Le Tour, une question de langue
En 1987, j'ai couvert le Tour de France, pour Le Monde. C'est une plongée terrifiante dans un univers totalement hermétique à l'extérieur. Je ne suis jamais parti en immersion dans un sous-marin nucléaire, mais ce doit être la même chose. Cette année-là, le Tour partait de Berlin. Le Mur était encore debout. N'y connaissant rien au cyclisme, j'étais chargé des "à côtés". Je me souviens de mon premier reportage matinal dans la caravane, avec ma question stupide sous le bras : "ça vous fait quoi, de démarrer le Tour sous le Mur de Berlin ?" Rien. Ca ne leur faisait rien. A personne. Je parlais une autre langue. Coureurs, journalistes, distributeurs de bonbons sur les routes, dirigeants, se renferment pendant trois semaines, parlent leur langue propre, vivent dans leurs souvenirs et leurs regrets, repassent le film en boucle, évacuent l'avenir.

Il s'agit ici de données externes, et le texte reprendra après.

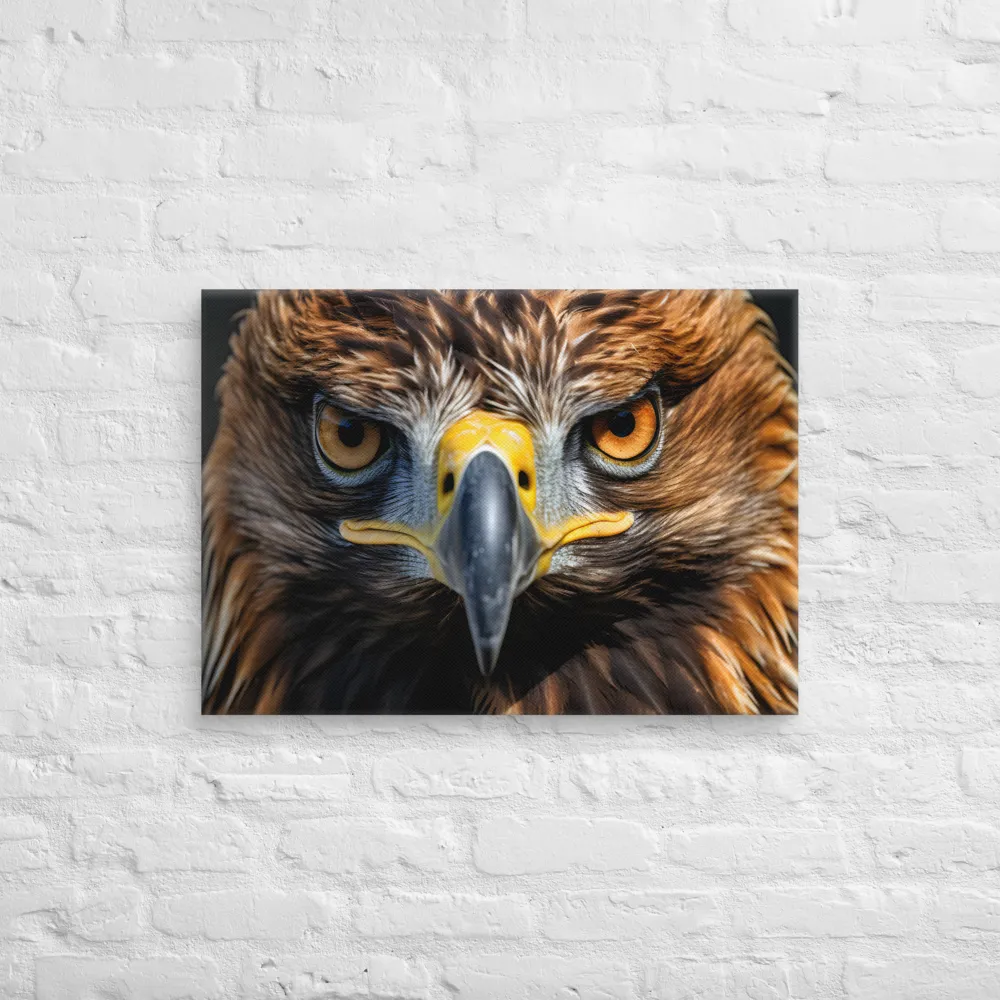 The Intensity of the Eagle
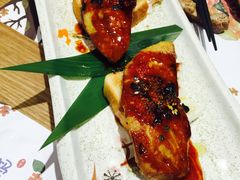 -林妈妈村·日式料理(宝山万达店)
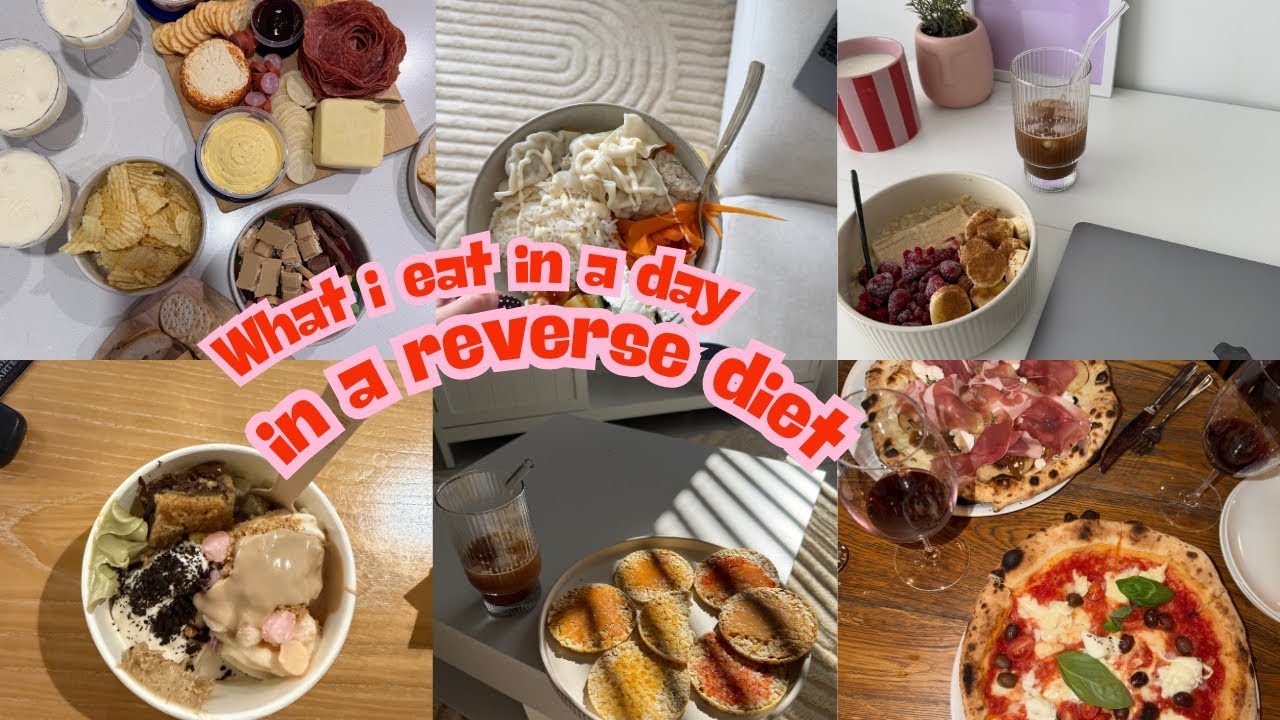 what i eat in a day | 2600 reversing from my body building show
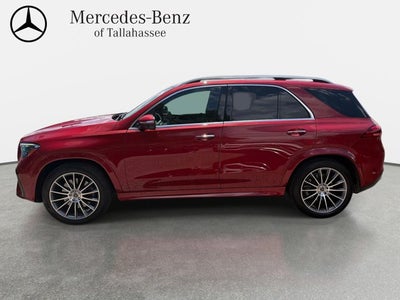 2024 Mercedes-Benz GLE GLE 450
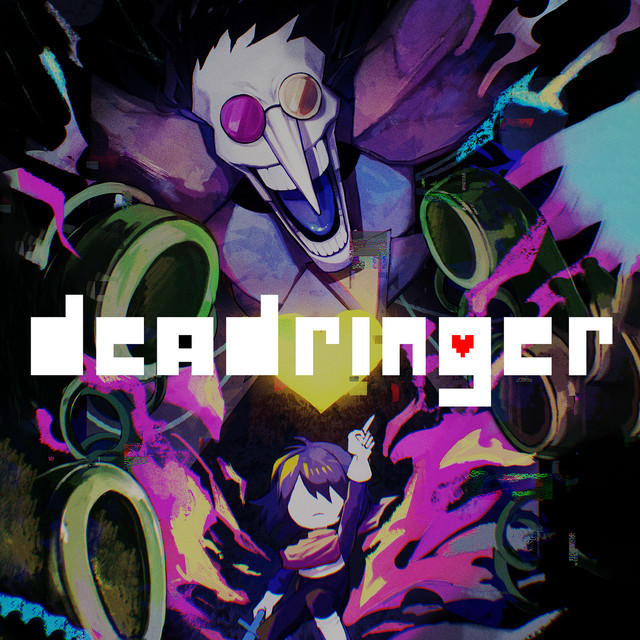 Deadringer - song and lyrics by Kibo | Spotify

A l'inverse, de l'extérieur, cet univers est tout aussi incompréhensible. Ainsi, la question naturelle qui vient à l'esprit ("mais pourquoi, d'année en année, continuent-ils à se doper, alors qu'ils savent qu'ils vont se faire prendre, et partiront sous les sifflets?"), cette question n'a aucune réponse formulable, dans aucune des langues ou des dialectes parlés à l'extérieur.